Kabbani and Younan were charged with transporting explosive devices in interstate commerce and with violating the immigration laws because of what the government claims was Kabbani’s illegal entry into the United States. The charges carry a maximum sentence of 30 years. The defense lawyers are now arguing that the government does not have sufficient evidence for conviction on these charges.

Mourad was permitted to plead guilty Tuesday to a reduced charge of conspiring to transport explosives and to an immigration violation. As a result, he could be imprisoned for up to 10 years. He is not expected to testify at the trial.

“He (Mourad) has not made any statement (to the government),” Shadyac said. He said that Mourad pleaded guilty because “based on the advice of counsel, he was willing to accept a plea-bargain.”

The trial itself is being conducted in a relatively relaxed fashion. The jury is not sequestered, visitors to the courtroom are not searched with a metal detector and the defendants do not wear handcuffs in court. Kabbani wears a gray sweat shirt at the trial, while Younan dresses in a dark suit, white shirt and red tie.

Federal officials acknowledge that the effort to carry the bomb into this country nearly succeeded. “We were within 20 feet of this being another incident,” acknowledged one law-enforcement source. “That’s how close he (Kabbani) was to getting in that van” at the time he was observed by Jewett.

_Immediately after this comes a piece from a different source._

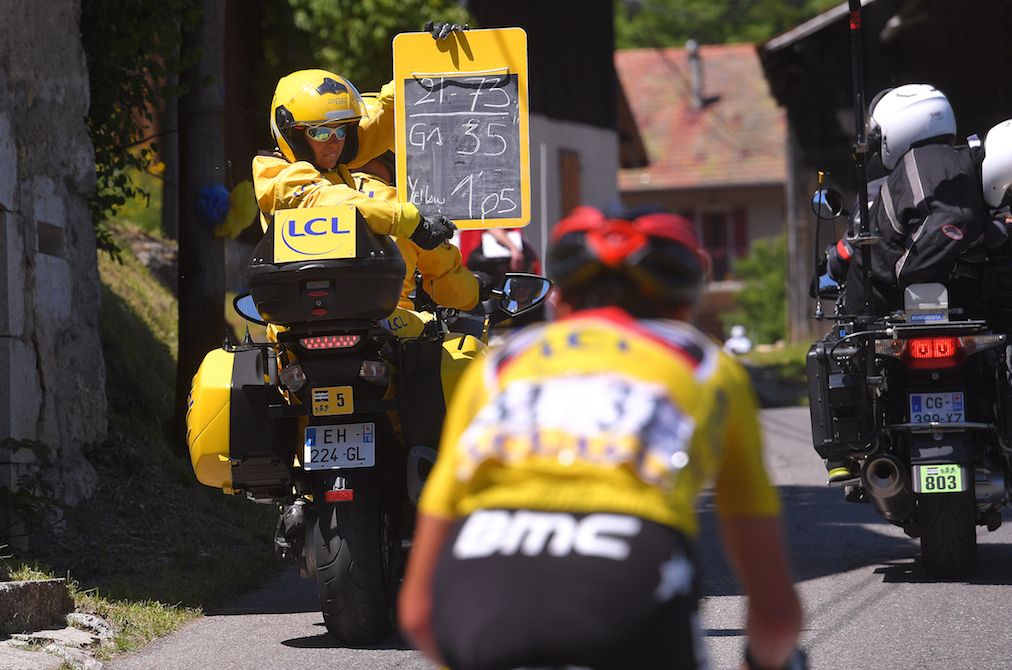 Richie Porte getting time gaps as he gives chase on the final stage of the Crit&eacute;rium du Dauphin&eacute;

The U.S. Border Patrol has electronic sensors along the Canadian border in New York, Vermont and New Hampshire--sensors that are set off by movement. In fact, authorities say, the sensors went off that night, at approximately the time prosecutors believe Kabbani entered the country. But it was Jewett, not Border Patrol agents, who found Kabbani.

New Meaning to Life

For Jewett--a police chief with no lieutenants, the commander of a force of one, a pudgy, bespectacled man who wears baggy old corduroys to court--the bomb case and the attraction it has brought have given new meaning to life. He has even received a letter of congratulations from Sen. Patrick J. Leahy (D-Vt.).

Police work “does get old fast,” he told a reporter while waiting to testify at the trial. “It’s a thankless job, so something like this makes it worth it.”

Moreover, the arrests and the discovery of the bomb have made his job a little easier. “This woke up people in the town,” Jewett says. “When people see a suspicious vehicle in the village, they call it in to me now.”